From the second half of the eighteenth century, the building became the British Consulate, from where successive consuls kept London up to date on the Saharan slave trade, various measures to suppress it, and the continued obstruction of such measures by the Turkish authorities. Local officials tended to disregard with impunity Constantinople’s imperial firmans (decrees) and vizirial orders outlawing the trade for the simple reason that they benefited enormously from it. Typical of the correspondence between London and Tripoli was the instruction in 1778 to the British Consul Richard Tully to provide
an account of the Trade in Slaves carried on in the Dominions of the Bey of Tripoli, stating the numbers annually brought into them and sold, distinguishing those that are natives of Asia from those that are natives of Africa, and specifying as far as possible, from what parts of Asia and Africa the slaves so sold in the Dominions of the Bey are brought, and stating whether the male slaves are usually castrated.

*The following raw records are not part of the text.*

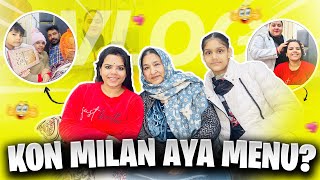 Download Lagu 😱Dekho menu kon milan ayiya ❤️ MP3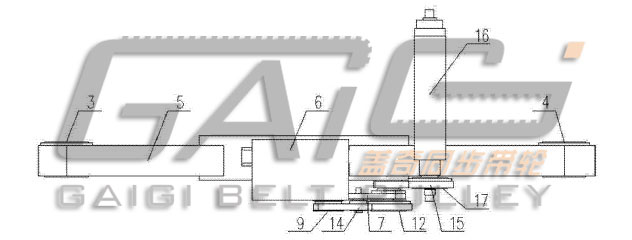 �Զ��ü������ٸ���Ĥ��������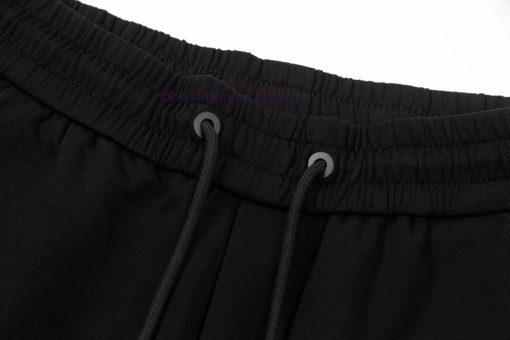 After Sales Givenchy 25 Spring New Pants European Trade Channel Direct Shipping From Italian Ov pmd3x15a - Image 5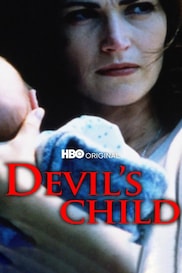 The Devil's Child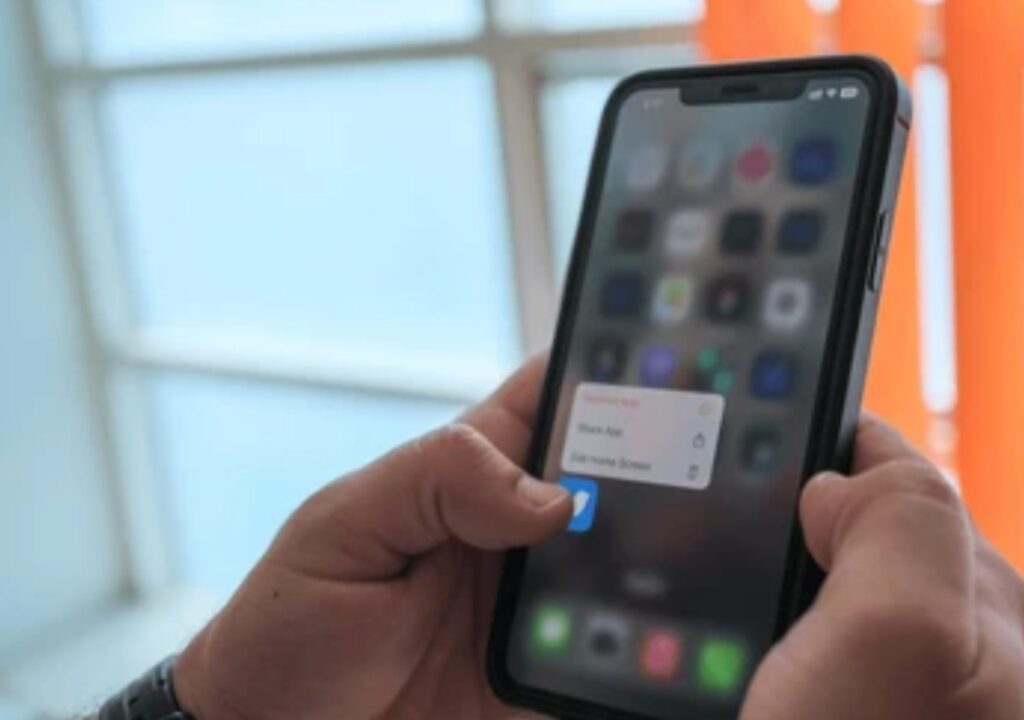 iPhone accessibility tips, iOS hidden tools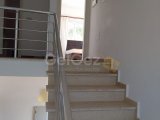 Girne Alsancak 3+1 Kiralık havuzlu Villa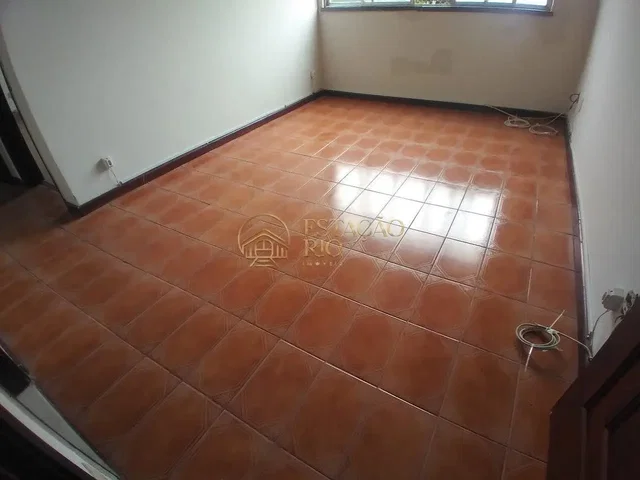 Diğer
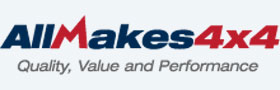 Allmakes 4x4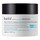 Aqua bomb makeup removing cleansing balm - Baume démaquillant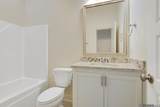 36198 Belle Parc Ave - Photo 10
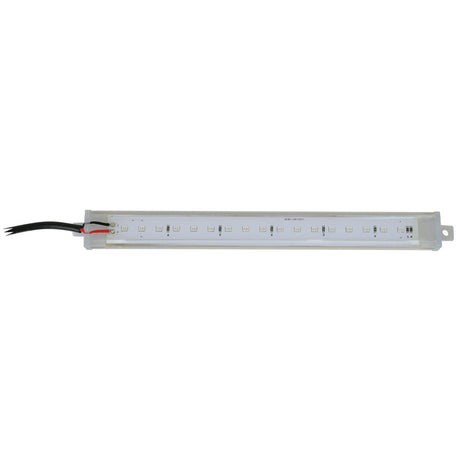 Scandvik ScanStrip Light  8  Blue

Such correspondence makes grim reading. For all the British determination to stamp out this ‘miserable trade’, it continued apace and for more than a century after Tully’s time, consuls would write to London of the Turkish authorities’ ‘apathy and utter indifference’ to the slave trade, their ‘palpable’ neglect and ‘flagrant infraction’ of orders from Constantinople. In 1848, the sultan prohibited the Turkish governor of Tripoli and his civil servants from trading in slaves and in 1856 slave dealing itself was outlawed throughout the Ottoman empire. But in practice, the trade continued, albeit in reduced volume. In 1878, 100 years after the letter to Tully, Frank Drummond-Hay, the British Consul, was telling the Foreign Office that ‘the vigilance required in watching the Slave Trade, in thwarting the devices resorted to by the local authorities in order to evade the execution of the orders for its suppression, in obtaining information on the arrival of slaves by the caravans from the Interior, of intended shipments and other numerous matters in connection with this traffic’ justified a substantial increase in his salary.